Description of the task:
Pictures aside, each record should be reproduced exactly.

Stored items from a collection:
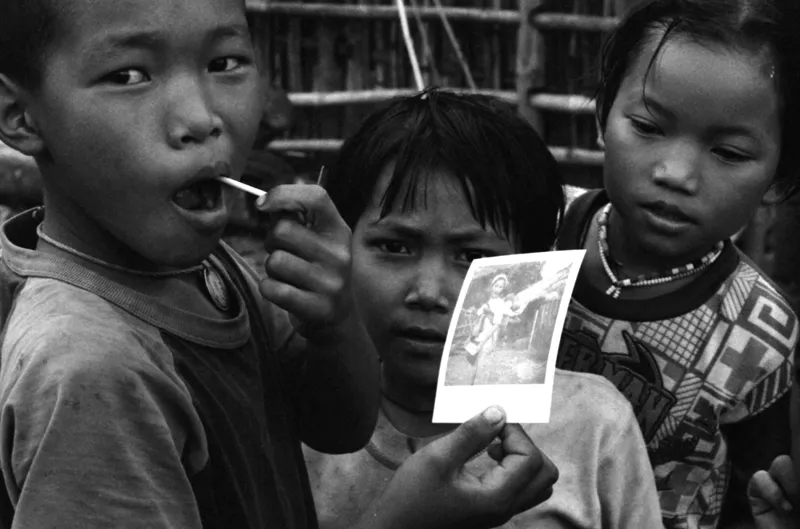 akha kids with polaroid photo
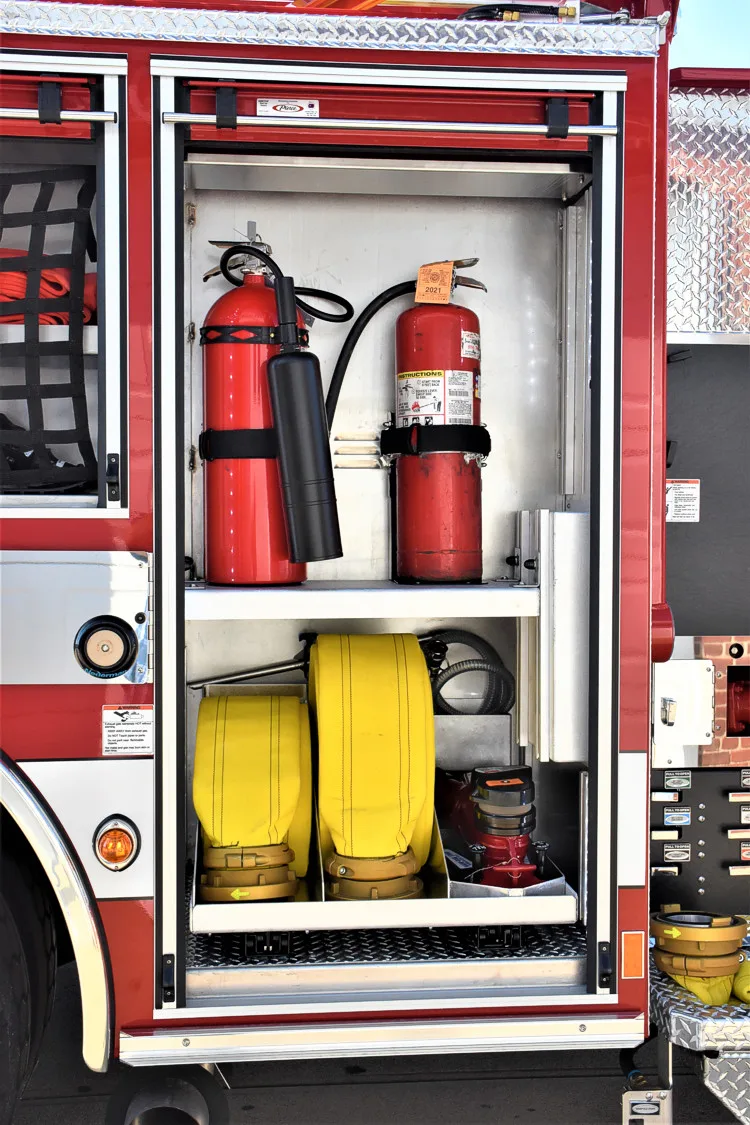 Open side compartment showing mounted extinguishers and yellow air cylinder
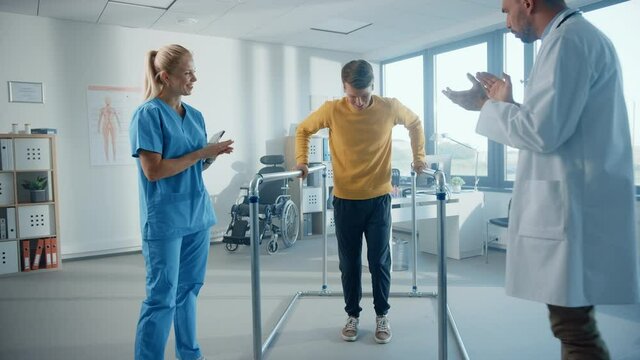 Hospital Physical Therapy: Determined Male Patient with Injury Successfully Walks His First Steps Holding Parallel Bars. Physiotherapist, Rehabilitation Doctor Encourage, Applaud Disabled Person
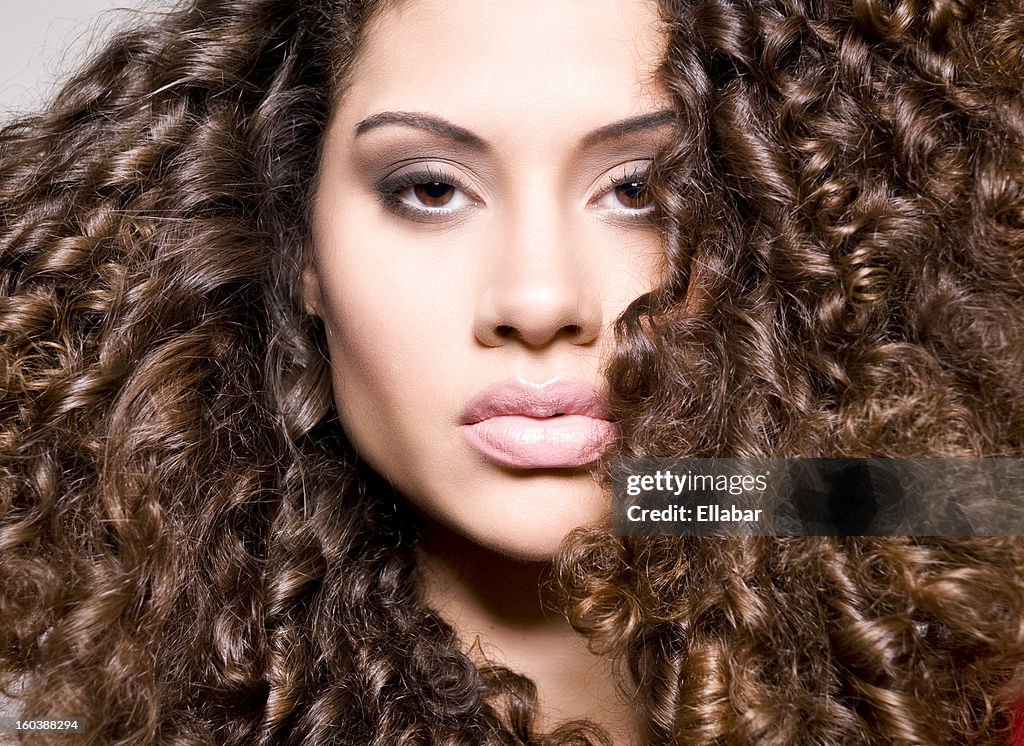 Curly Model Beautiful Model With Curly Hair High-Res Stock Photo - Getty Images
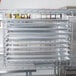 A Metro Chrome Tray Slide holding trays on a rack.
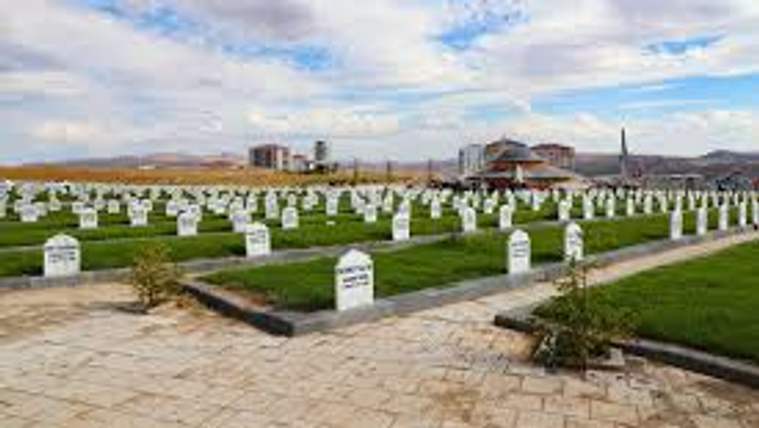 Beyaz mezar taşlarının sıralandığı bir mezarlık alanı, arka planda binalar ve bulutlu bir gökyüzü var.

Answer box:
 akha kids with polaroid photo
 Open side compartment showing mounted extinguishers and yellow air cylinder
 Hospital Physical Therapy: Determined Male Patient with Injury Successfully Walks His First Steps Holding Parallel Bars. Physiotherapist, Rehabilitation Doctor Encourage, Applaud Disabled Person
 Curly Model Beautiful Model With Curly Hair High-Res Stock Photo - Getty Images
 A Metro Chrome Tray Slide holding trays on a rack.
 Beyaz mezar taşlarının sıralandığı bir mezarlık alanı, arka planda binalar ve bulutlu bir gökyüzü var.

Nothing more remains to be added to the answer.